# Would/Have you buy a used rod or reel?



## one100grand (Nov 14, 2010)

I can't really imagine selling any gear unless I was in dire straights, so I can't really imagine selling a rod or reel, but then again, I don't have some of the $300+ setups that some of you have. I'm considering buying some used gear because it's a good price, but I'm a little wary. What have your experiences been?


----------



## Captain Ahab (Nov 15, 2010)

It is a great way to get very high quality setups - many of the upper end rods come with a transferable lifetime warranty (St. Croix Legend Elite Series and most of the G. Loomis rods) The only down side is that rods are difficult to ship 

I woudl rather spend $100.00 and buy a used $300.00 rod then get a $100.00 rod new


Same deal on reels - you should never spend more then then 50% of the price for a new reel, but you can get a lot more for your $ buying used. Plus, with higher end gear it is almost always cared for properly.
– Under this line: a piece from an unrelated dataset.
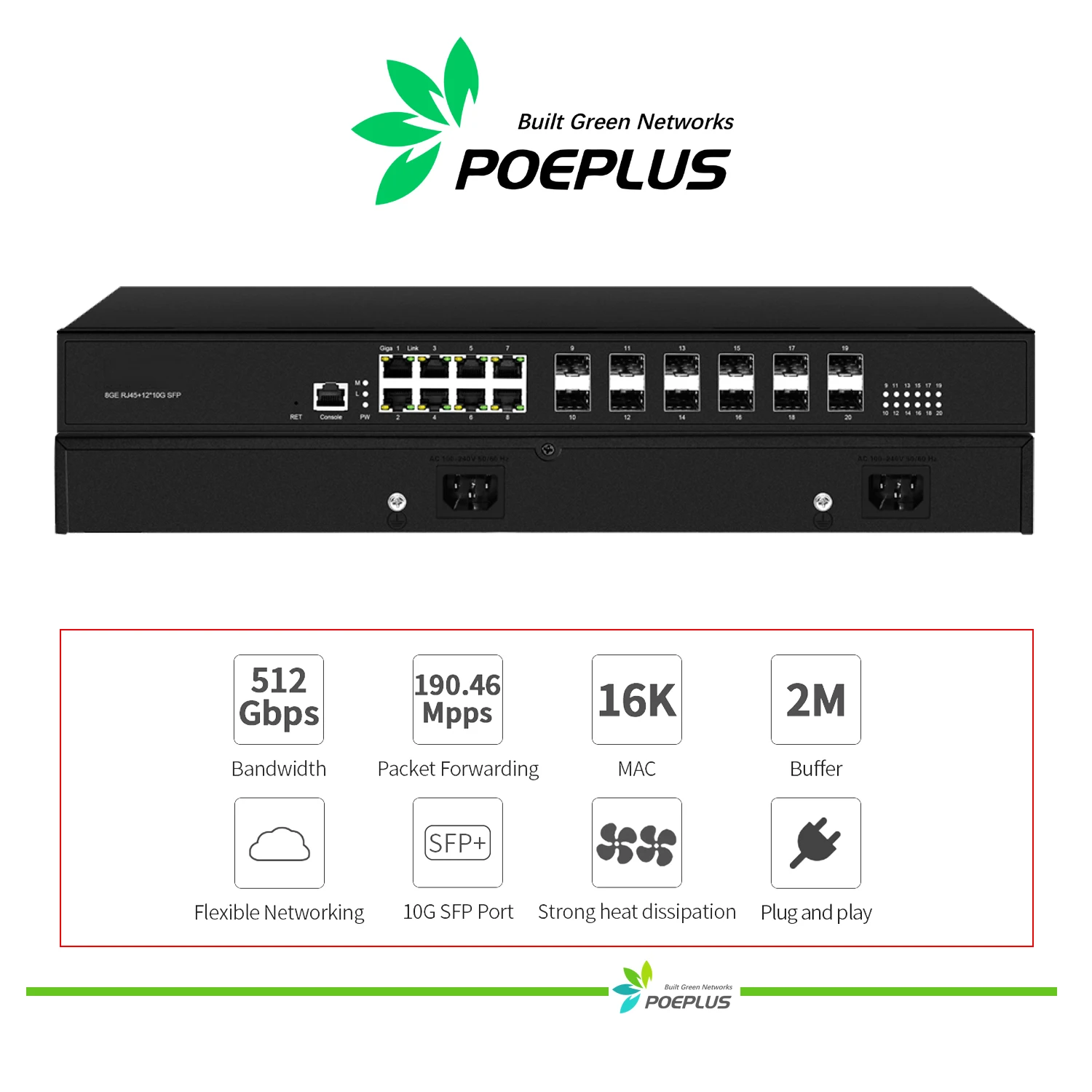 10Gbe SFP L3 관리 스위치, 8 기가비트 RJ45 포트, 12 포트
The only downside is that you might have to search around or wait for what you want.


----------



## redbug (Nov 15, 2010)

I have a few used rods and reels.
Like Ahab said never pay more than half the new value.
I have even bought broken loomis rods at yard sales for dirt cheap and sent them in for replacement
if you check around you can get some nice gear for a fair price


----------



## poolie (Nov 15, 2010)

I've bought many used rods off eBay and have never had a bad experience. Usually pay about 1/3 to 1/2 the normal price. Most people are just thinning out the herd and the rods are only slightly used.
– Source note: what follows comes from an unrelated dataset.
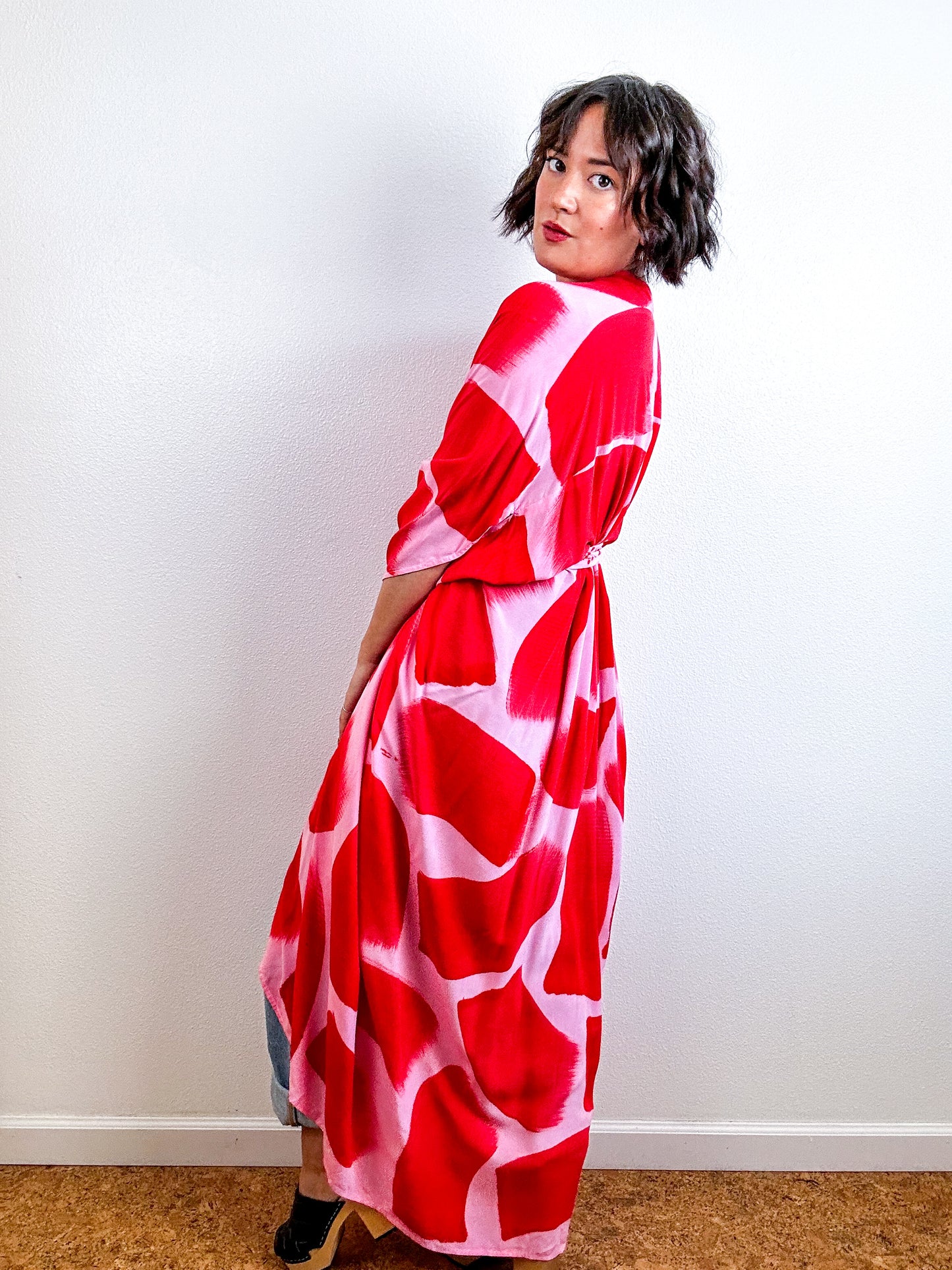 Hand-Dyed High Low Kimono Pink Scarlet Brush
Have also bought a couple used reels and didn't have such a good experience and won't do it again unless I know the person. Too many moving parts...


----------



## Jim (Nov 15, 2010)

Purchased both used a few times. Good experience overall.


----------



## Outdoorsman (Nov 15, 2010)

As things are always kinda tight financially, I almost always buy used.... either off Craigslist (being very carefull buying local and always seeing before I buy) or at "Estate" or "Moving" sales...never had any problems....and save a bunch of money....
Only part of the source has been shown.